Material for this task:
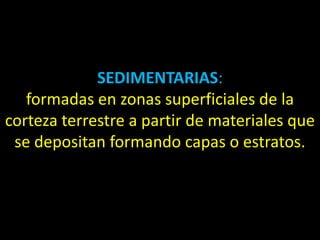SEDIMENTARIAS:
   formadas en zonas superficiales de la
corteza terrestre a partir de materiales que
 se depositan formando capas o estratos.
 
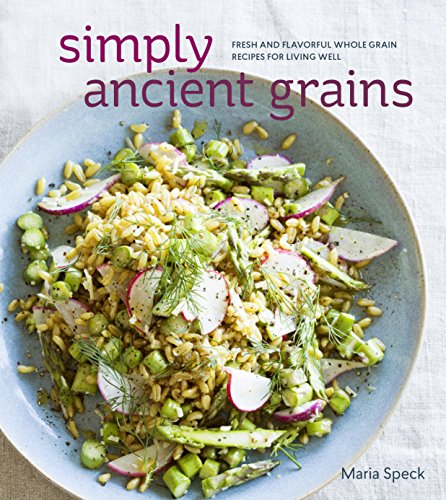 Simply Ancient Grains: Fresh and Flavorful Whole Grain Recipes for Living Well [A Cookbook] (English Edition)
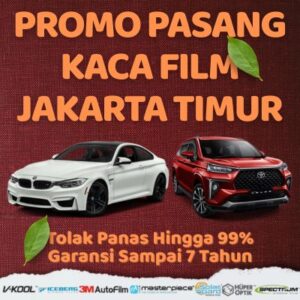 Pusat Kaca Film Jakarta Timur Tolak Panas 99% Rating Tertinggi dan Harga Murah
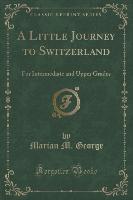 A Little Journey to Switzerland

* * *

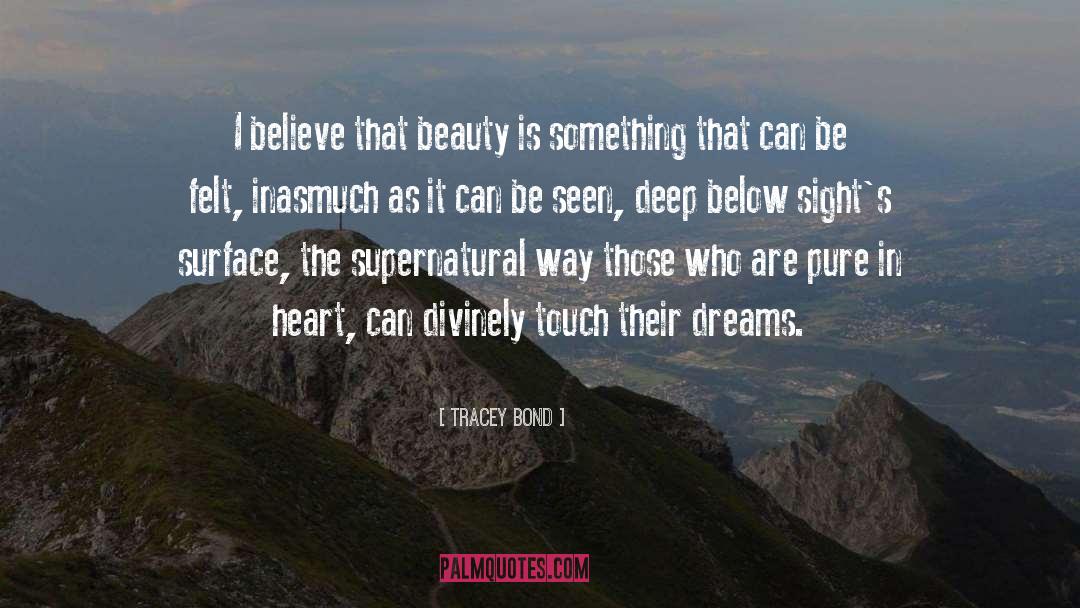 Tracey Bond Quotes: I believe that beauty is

What you are asked to do:
The answer is the lines above from the one with "Simply Ancient Grains: Fresh" to the one with "A Little Journey to Switzerland", set down exactly, with no pictures.

Result of the task:
 Simply Ancient Grains: Fresh and Flavorful Whole Grain Recipes for Living Well [A Cookbook] (English Edition)
 Pusat Kaca Film Jakarta Timur Tolak Panas 99% Rating Tertinggi dan Harga Murah
 A Little Journey to Switzerland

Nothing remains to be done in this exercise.